Public interest in speech technology recently increased dramatically, as Google Duplex was demonstrated, and elicited a wide range of reactions. Most observers were stunned at the apparent sophistication and power of the application, which can book appointments over the telephone by “conducting natural conversations” (to quote the Google blog that accompanied the public release of Duplex). However, Duplex also generated substantial controversy, with criticisms ranging from concerns about ethics (is Duplex misleading people into thinking that they are talking to a human?) to privacy (how much consent is required from the companies that are called by Duplex?), all the way to feasibility (were the Duplex demonstrations faked, or at least edited to a substantial degree?)

These are interesting issues, and should also raise general awareness that speech technology is continually improving, along with many other forms of pattern recognition. Both automatic speech recognition (ASR) and speech synthesis (also known as “text to speech” – TTS) have benefited greatly from breakthroughs in Deep Learning during the past decade. These improvements have advanced the capabilities of applications such as voice-based Web search and on-demand audio content generation far beyond the levels achievable five years ago.

However, it is also important to understand the limitations that remain in place despite such advances. Although the most advanced ASR systems are able to recognize certain spoken utterances with human-level accuracy, and the best TTS systems sound every bit as natural as a (human) voice artist under appropriate circumstances, these algorithmic listeners and talkers still lack anything like the understanding that characterizes human intelligence. As a consequence, ASR and TTS systems fail in ways that are deeply unintuitive to anybody who is not intimately familiar with the technology. (In fact, even those of us who have been working on ASR and TTS for decades are sometimes surprised at their failures!)

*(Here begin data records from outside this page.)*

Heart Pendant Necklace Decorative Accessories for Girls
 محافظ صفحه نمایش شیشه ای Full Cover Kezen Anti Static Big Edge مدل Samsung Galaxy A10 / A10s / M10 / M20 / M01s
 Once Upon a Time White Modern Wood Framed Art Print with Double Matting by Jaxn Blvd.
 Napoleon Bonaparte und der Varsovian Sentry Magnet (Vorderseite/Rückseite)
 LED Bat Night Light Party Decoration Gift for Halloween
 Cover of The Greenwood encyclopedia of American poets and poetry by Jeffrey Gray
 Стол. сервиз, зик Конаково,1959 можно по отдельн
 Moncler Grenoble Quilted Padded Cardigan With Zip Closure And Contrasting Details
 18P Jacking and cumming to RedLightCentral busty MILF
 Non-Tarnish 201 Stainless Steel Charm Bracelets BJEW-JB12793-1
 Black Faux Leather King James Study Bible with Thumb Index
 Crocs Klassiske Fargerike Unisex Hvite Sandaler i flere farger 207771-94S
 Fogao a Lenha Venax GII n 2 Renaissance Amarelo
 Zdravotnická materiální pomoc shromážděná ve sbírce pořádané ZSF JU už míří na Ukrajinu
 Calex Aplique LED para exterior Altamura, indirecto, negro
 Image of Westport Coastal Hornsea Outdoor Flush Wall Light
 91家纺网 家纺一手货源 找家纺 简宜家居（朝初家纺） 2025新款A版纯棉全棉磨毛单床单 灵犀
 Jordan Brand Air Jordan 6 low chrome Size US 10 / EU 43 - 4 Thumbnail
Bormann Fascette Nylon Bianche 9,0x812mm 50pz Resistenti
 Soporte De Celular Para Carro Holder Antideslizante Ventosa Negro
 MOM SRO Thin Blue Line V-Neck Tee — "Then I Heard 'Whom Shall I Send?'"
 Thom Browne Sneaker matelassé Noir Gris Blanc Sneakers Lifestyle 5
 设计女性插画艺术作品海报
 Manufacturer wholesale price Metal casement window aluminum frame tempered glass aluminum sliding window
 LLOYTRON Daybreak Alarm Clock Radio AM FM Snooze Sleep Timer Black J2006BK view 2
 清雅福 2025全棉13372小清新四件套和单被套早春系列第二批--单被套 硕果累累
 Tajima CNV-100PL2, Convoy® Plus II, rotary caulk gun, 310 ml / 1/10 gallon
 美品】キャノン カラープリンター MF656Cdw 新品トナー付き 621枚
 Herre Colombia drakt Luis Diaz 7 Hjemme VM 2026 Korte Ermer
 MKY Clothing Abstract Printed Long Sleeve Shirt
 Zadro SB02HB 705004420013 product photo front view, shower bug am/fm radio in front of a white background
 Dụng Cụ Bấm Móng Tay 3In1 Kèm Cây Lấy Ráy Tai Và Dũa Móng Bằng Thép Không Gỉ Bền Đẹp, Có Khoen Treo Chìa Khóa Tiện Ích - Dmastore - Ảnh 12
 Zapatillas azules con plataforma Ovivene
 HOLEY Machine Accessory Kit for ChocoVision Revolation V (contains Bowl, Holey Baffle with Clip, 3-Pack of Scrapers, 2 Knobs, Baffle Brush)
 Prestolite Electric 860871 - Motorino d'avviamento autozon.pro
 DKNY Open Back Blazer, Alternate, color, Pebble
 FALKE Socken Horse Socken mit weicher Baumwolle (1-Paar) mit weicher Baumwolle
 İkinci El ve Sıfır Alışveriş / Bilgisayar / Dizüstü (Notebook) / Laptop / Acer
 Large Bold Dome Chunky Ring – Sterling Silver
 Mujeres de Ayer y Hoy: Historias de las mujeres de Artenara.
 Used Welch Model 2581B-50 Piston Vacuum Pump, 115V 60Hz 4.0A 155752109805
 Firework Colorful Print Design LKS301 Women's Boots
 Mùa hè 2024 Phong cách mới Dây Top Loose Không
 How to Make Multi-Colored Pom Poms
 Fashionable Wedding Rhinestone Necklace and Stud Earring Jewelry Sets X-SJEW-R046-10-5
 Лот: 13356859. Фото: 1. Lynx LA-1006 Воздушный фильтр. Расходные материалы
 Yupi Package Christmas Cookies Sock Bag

Such failures make for funny Youtube videos, but can be disastrous in customer-facing applications. The first big wave of speech-technology deployments, in the late 1990s, was only partially successful since many consumers found it too confusing to interact with such unpredictable systems. Corporations that had invested millions of dollars in speech technology were sometimes surprised to find that the withdrawal of their newly-installed systems was a crucial step towards customer satisfaction! Modern ASR and TTS is much better than the technologies of that era, but it is still not clear how widely it can succeed in automating dialogues with customers, where any mistakes of the technology translate directly into unhappy customers.

Another major trend of this decade has, however, created a huge range of additional applications for ASR: in this era of Big Data, we now realize that there is great commercial and social value in the analysis of aggregated data sources. For numerical data, such as consumer purchasing, movement or communication patterns, Big Data algorithms have been spectacularly successful and underpin the operations of companies such as Amazon and Uber. Similarly, textual data has been extensively utilized in the modern economy. However, speech data has been harder to use in the same fashion. Many companies have potential treasure troves of spoken information (e.g., collected in their call centres) which could provide crucial business intelligence, but are currently not accessible for analysis. This is a perfect application domain for fallible speech technology, since occasional mistakes will not obscure the significant trends that are the main aim of analytics for business intelligence.

It will be interesting to see what the future holds for systems such as Google Duplex, and also for less ambitious attempts to perform live communication with end users through speech technology. However, the most impactful applications of ASR right now are likely to operate behind the scenes, and to make speech information a seamless component of Big Data – that is, speech analytics.